Oh, that "algorithm". The good ol' num = num * base + digit is an
"algorithm"???
The problem with that is that the OP has always maintained that he has
no facility for handling a binary integer ("num") longer than 16 bits
-- no 32-bit long, no bignum package that didn't need "long", ...
>
He took a while to state the problem, but was clear from the start
that he had lists of digits rather than an integer datatype.
Yes, input was a list [prototyping a byte array] of decimal digits. The
OUTPUT was also a list of something. A few messages later, it became
clear that the output desired was a list of hexadecimal digits. Until
he revealed that the input was up to 24 decimal digits, I was pursuing
the notion that a solution involving converting decimal to binary (in a
32-bit long) then to hexadecimal was the way to go.
What is apparently needed is an algorithm for converting a "large"
number from a representation of one base-10 digit per storage unit to
one of a base-16 digit per storage unit, when the size of the number
exceeds the size (8, 16, 32, etc bits) of the "registers" available.
I read his "Yes I realized that after writing it." response to
Dennis Lee Bieber to mean Bieber was correct and what he wanted
was to go from BCD to a normal binary integer, which is base 256.
Where I come from, a "normal binary integer" is base 2. It can be
broken up into chunks of any size greater than 1 bit, but practically
according to the wordsize of the CPU: 8, 16, 32, 64, ... bits. Since
when is base 256 "normal" and in what sense of normal?
The OP maintained the line that he has no facility for handling a
base-256 number longer than 2 base-256 digits.
The dialogue between Dennis and the OP wasn't the epitome of clarity:
[OP]
My apologies, I clearly made a mistake with my calculator, yes the
resulting array I would need is [0xb,0xc,0x6,0x1,0x4,0xe]
[Dennis]
Take note that this[**1**] is NOT a BCD form for "12345678". BCD
(typically
packed) uses four bits per decimal digit.
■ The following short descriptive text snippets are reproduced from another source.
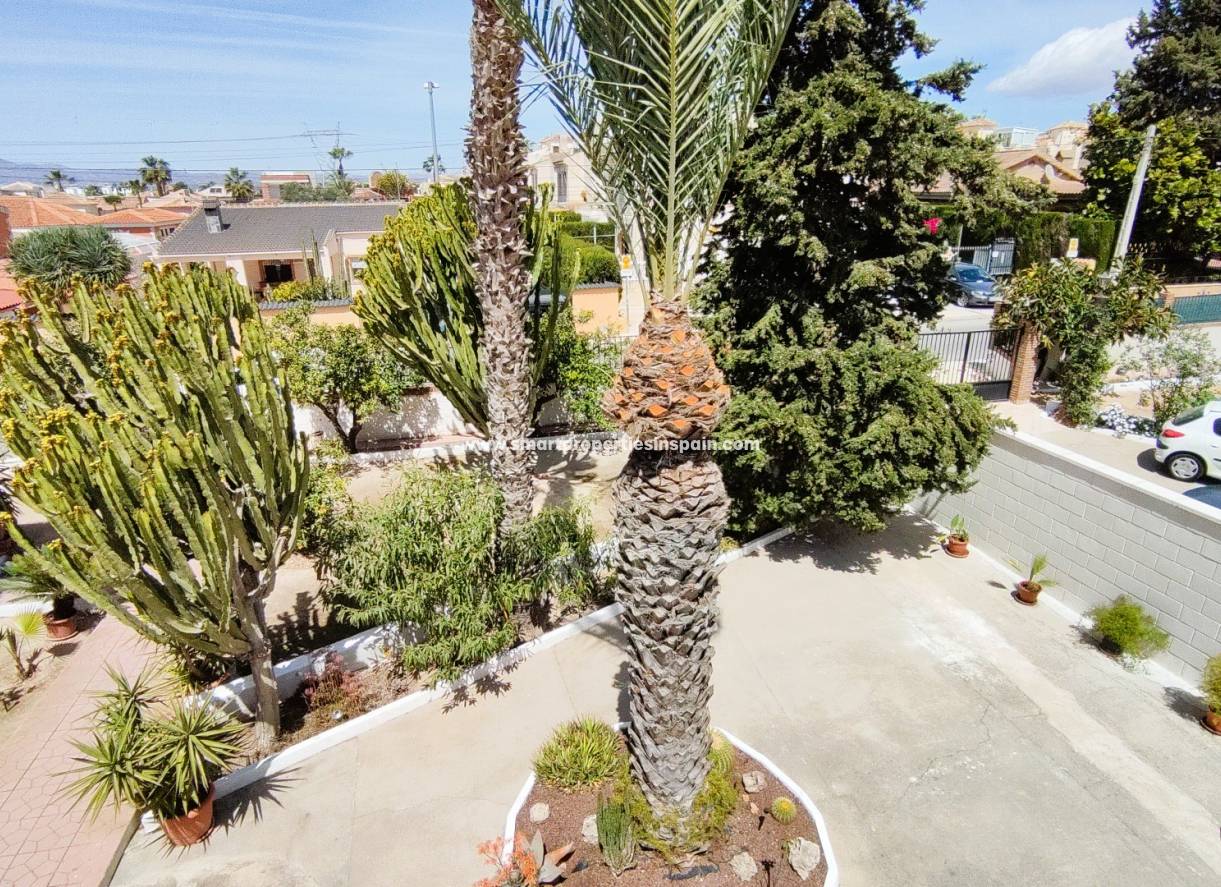 Wederverkoop - Detached Villa - La Marina - Urbanización La Marina
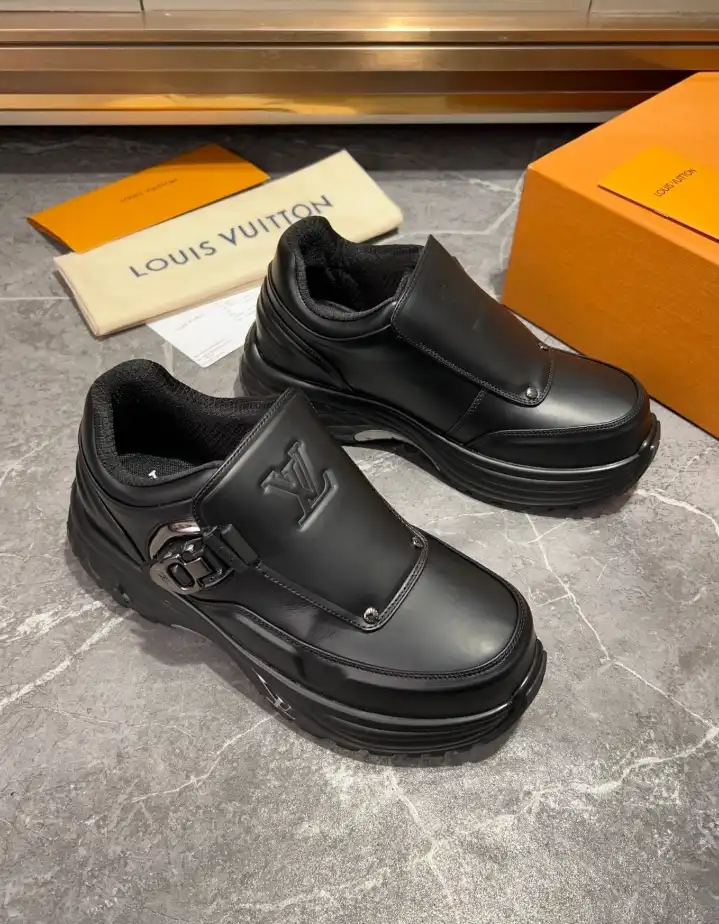 hype Louis Vuitton Sneakers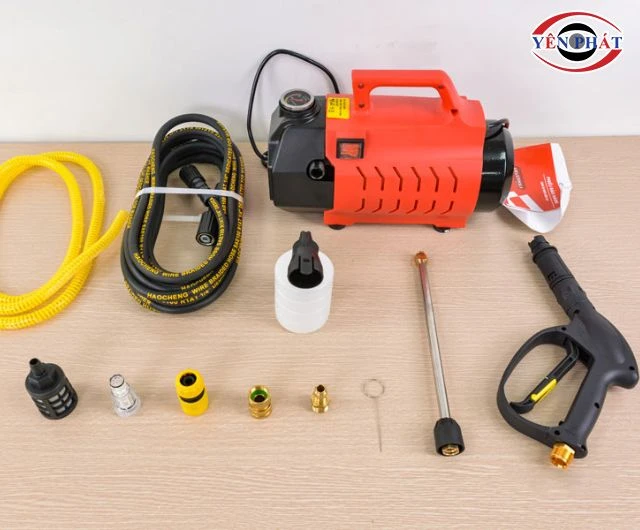 Máy Rửa Xe Amaxtools AMG1800 tiện lợi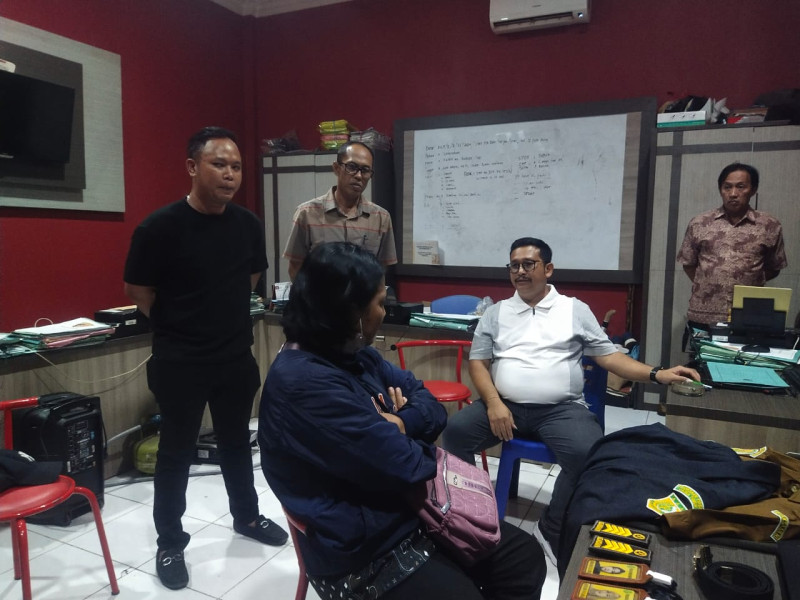 Diimingi Jadi Pegawai Korban Setor Uang, Oknum Jaksa Ditangkap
That would make "12345678" =>
0x12, 0x34, 0x56, 0x78 (ignoring matters of big/little end).
The binary representation of 12345678, in bytes, is 0xBC, 0x61, 0x4E
0xb, 0xc... is really 0x0B, 0x0C... 8-bits per byte, with MSB set to
0000.
Compare:
BCD 00010010 00110100 01010110 01111000
binary 10111100 01100001 01001110
your 00001011 00001100 00000110 00000001 00000100 00001110
[OP]
Yes I realized that [**2**] after writing it.
.... [**1**] Dennis's "this" refers to the OP's *output* which is
patently not what the OP was calling BCD.
[**2**] The referent of the OP's "that" can't be determined
unambiguously, IMHO.
The point of posting the simple high-level version of the
algorithm was to show a general form that works regardless of
particular languages, register sizes and storage considerations.
Those matters can effect the details of how one shifts a binary
integer left one bit, but shifting is not complicated in any
plausible case.
Is that what you have?
I'm sorry my post so confused, and possibly offended you.
It didn't confuse me. I was merely wondering whether you did in fact
have a method of converting from base b1 (e.g. 10) to base b2 (e.g. 16)
without assembling the number in some much larger base b3 (e.g. 256).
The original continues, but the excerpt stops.